(Records shown Opens)

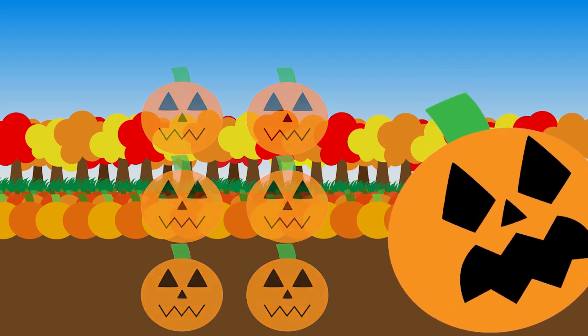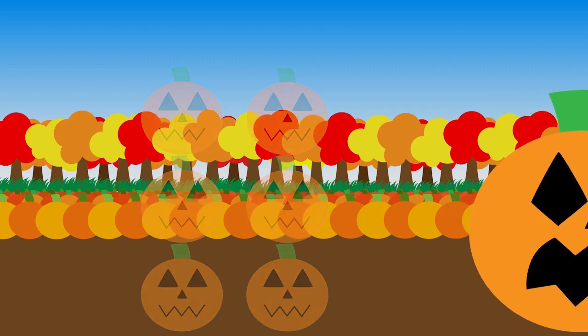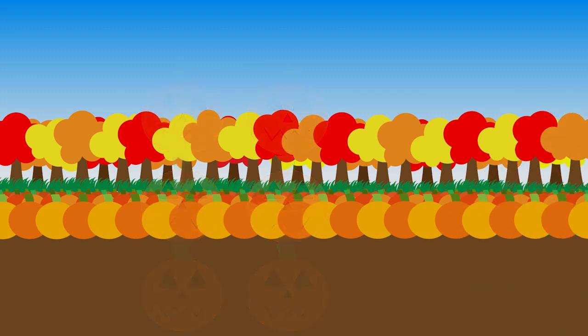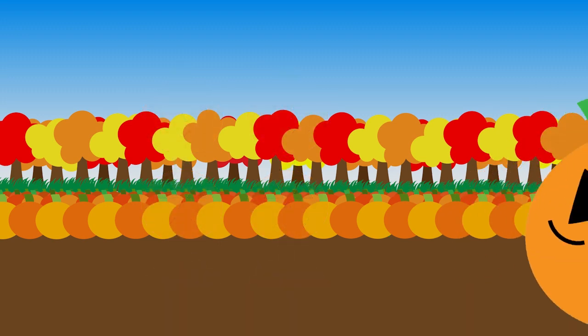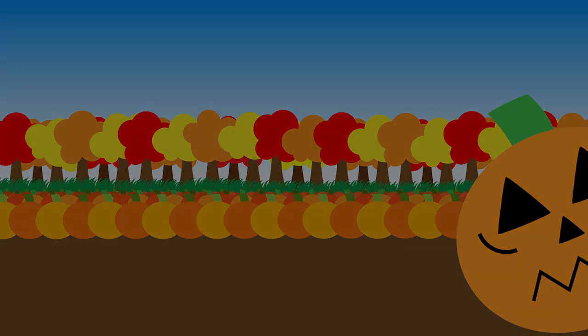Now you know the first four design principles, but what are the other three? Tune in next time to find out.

(Records shown Closes)
(Records shown Opens)

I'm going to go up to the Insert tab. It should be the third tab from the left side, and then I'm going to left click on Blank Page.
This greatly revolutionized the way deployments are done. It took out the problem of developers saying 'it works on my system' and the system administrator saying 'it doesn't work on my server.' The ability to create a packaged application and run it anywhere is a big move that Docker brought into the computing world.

(Records shown Closes)

Your answer should consist solely of the lines above from the line with "I'm going to go" to the line with "This greatly revolutionized", both included, reproduced exactly.

__Exercise output__
I'm going to go up to the Insert tab. It should be the third tab from the left side, and then I'm going to left click on Blank Page.
This greatly revolutionized the way deployments are done. It took out the problem of developers saying 'it works on my system' and the system administrator saying 'it doesn't work on my server.' The ability to create a packaged application and run it anywhere is a big move that Docker brought into the computing world.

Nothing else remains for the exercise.